April 5, 2017

Meanderings

Yesterday, the weather was decidedly unsettled. Sunshine one minute, rain the next, back to sunshine, to dark skies and the threat of thunderstorms. Rising sinus pressure with lowering barometric pressure. In perfect harmony with nature, I couldn't settle either. Haphazard forays into one chore and another. Thoughts leapfrogging from my to do list to art and the nature of creativity, from my ongoing job search to what to make for dinner. 

Unfocused and slightly anxious, I took a walk and tried to shrug off my restlessness. At one stop along my amble, a book title leaped out at me from the library shelves, Daughters of the Witching Hill by Mary Sharratt. It's a novel based on the 1612 Pendle (England) witch-hunt. Earlier this year I re-read Jeanette Winterson's inventive tale inspired by what transpired at Pendle Hill, The Daylight Gate. Ever a fan of coincidence and synchronicity, I promptly borrowed Sharratt's account. Unfortunately, I couldn't settle to read it upon returning home.

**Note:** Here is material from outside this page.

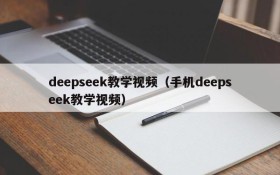 deepseek教学视频（手机deepseek教学视频）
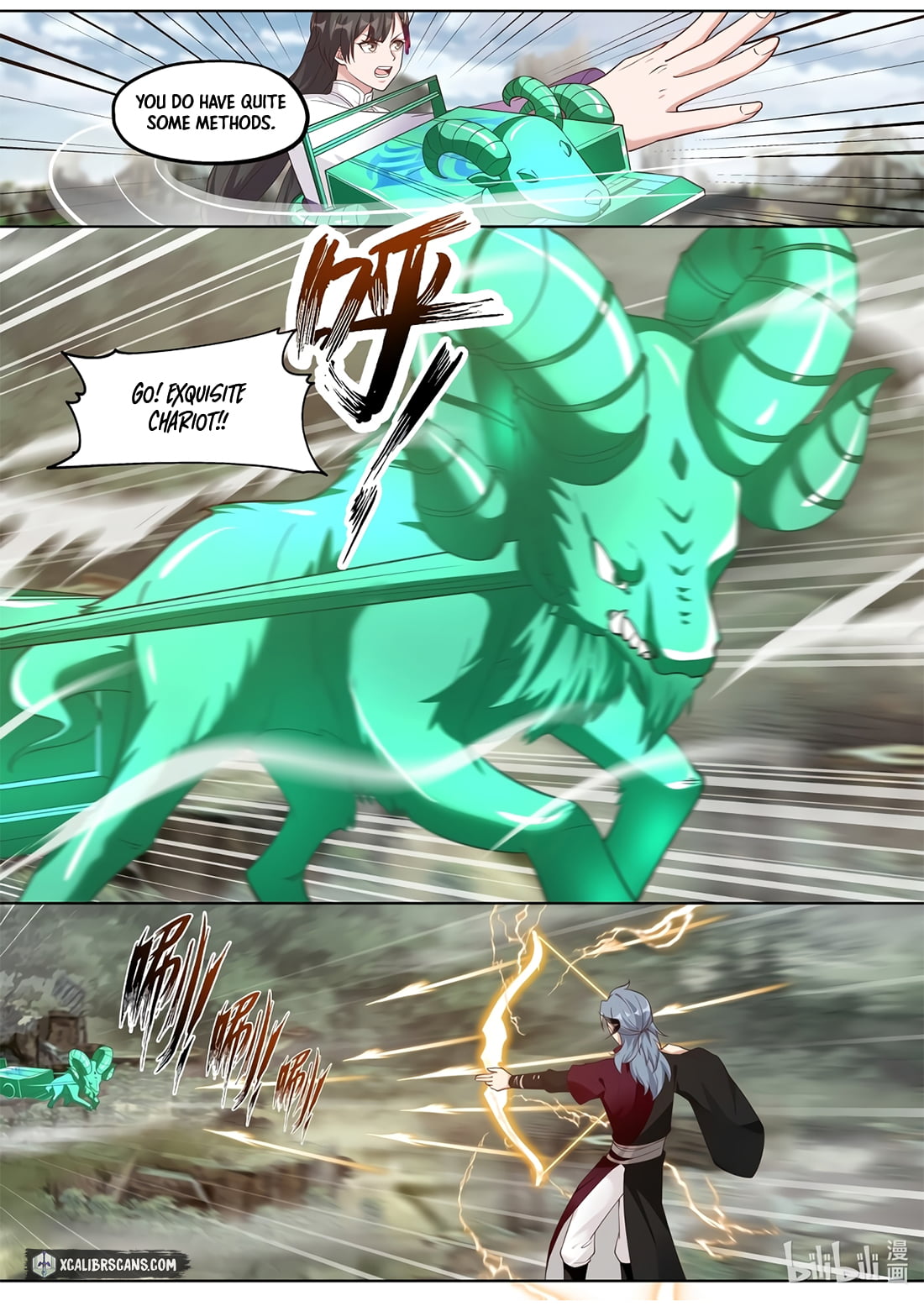 Page 6 of Chapter 342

That's when I gave in to my meandering mind and allowed it full reign to flit and slide and leapfrog while my hands stitched meandering lines of thread. I blew out the bottom of these shorts returning home from my polling place last November. (At least I choose to believe that's when the tear occurred.  I sincerely hope I wasn't inadvertently mooning the election volunteers.) 

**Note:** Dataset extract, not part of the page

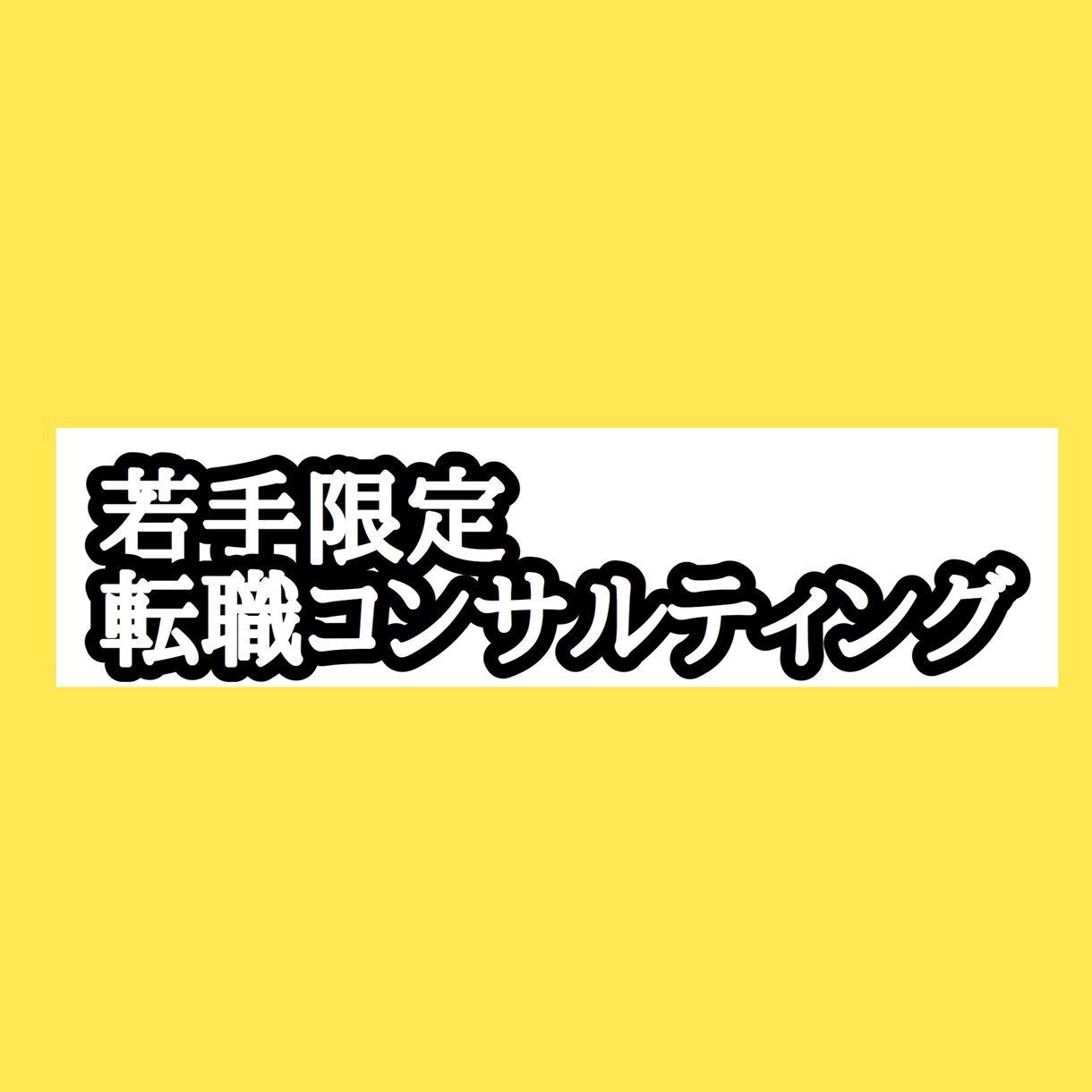20代に特化した転職のご相談にのります 20代限定！まずは行動！ご相談ベースからでも全然ok イメージ1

There's something about repetitive, tedious, and fairly mindless hand work that I love. Sitting still for hours, not noticing time pass, thoughts free to circle and flit and wander. The barest resistance to the needle point passing through the threadbare fabric, the wonky lines of marching stitches slowly covering more and more surface, the slight puckering of the fabric creating tantalizing texture. The restlessness dissipating, replaced by the rhythm of stitching. Unfocused thoughts unwinding, slowing to the rhythm of stitching. Slow. Rhythmic. Calm. Quiet.